Anyway, circles and lines don't get along too well, but since they are at the mercy of whoever draws them (to some extent), they do have to interact sometimes.
Throw a line down onto a plane with a circle in it and one of three things will happen. If they are lucky, the line and the circle won't intersect at all. They'll each go about their business, perhaps warily eying each other, but not sharing any points.
You might end up with the line intersecting the circle at two points.
Or, once in a blue moon, you might see the line just "touching" the circle, intersecting it at exactly one point.
We have special names for these last two cases. If a line intersects a circle at two points, then the line is a secant of the circle. If a line intersects a circle at exactly one point, then the line is tangent to the circle. (You can think of a tangent line as just barely touching the circle.)

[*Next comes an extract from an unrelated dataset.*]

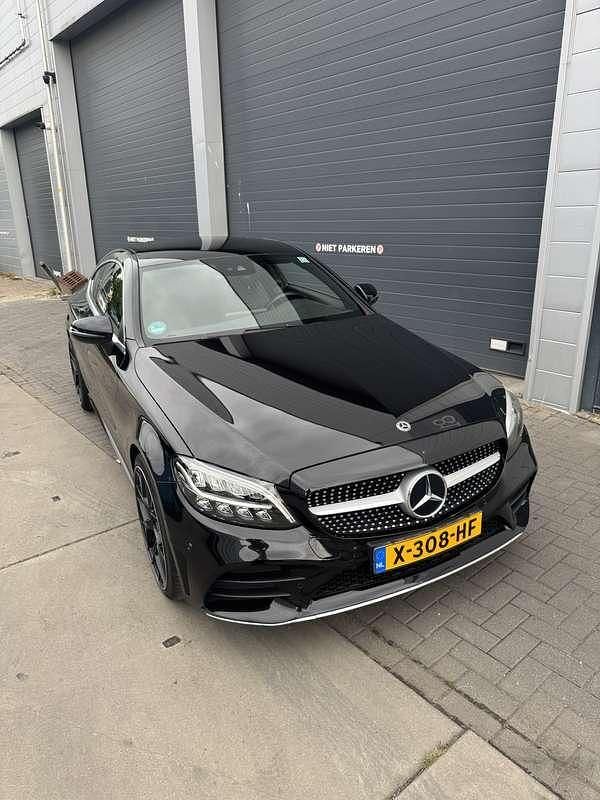 Zwart Gebruikt 2019 Mercedes C180 Premium Plus Coupé | € 29.950 (Iets duurder) - Afbeelding 1/4
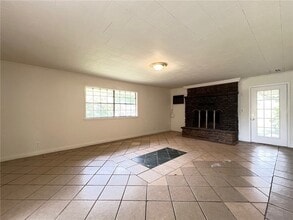 201 Carlton St. in Springdale, AR - Building Photo - Building Photo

Suppose line m intersects ⊙X at point Z and m is perpendicular to XZ. What is the maximum number of other points on ⊙X that m can intersect?
Is there a maximum number of secant lines two circles can have in common? If so, what is it? (In other words, given two circles, how many lines m can you draw that m is a secant of both circles?)
In the figure below, segments CA and CB are tangent to ⊙O at points A and B, respectively. If OA = 8 cm and AC = 18 cm, what is the length of BC?
How is it possible for two circles to have only two common tangents?
How is it possible for two circles to have only one common tangent?
A diameter is a secant. True or false?
If a line m is perpendicular to the radius of a circle, then m is not a secant of the circle. True or false?
In the figure below, segments PB and PA are tangent to ⊙O at B and A, respectively. Also, ∠AOB is a right angle. Prove that ∠APB is a right angle.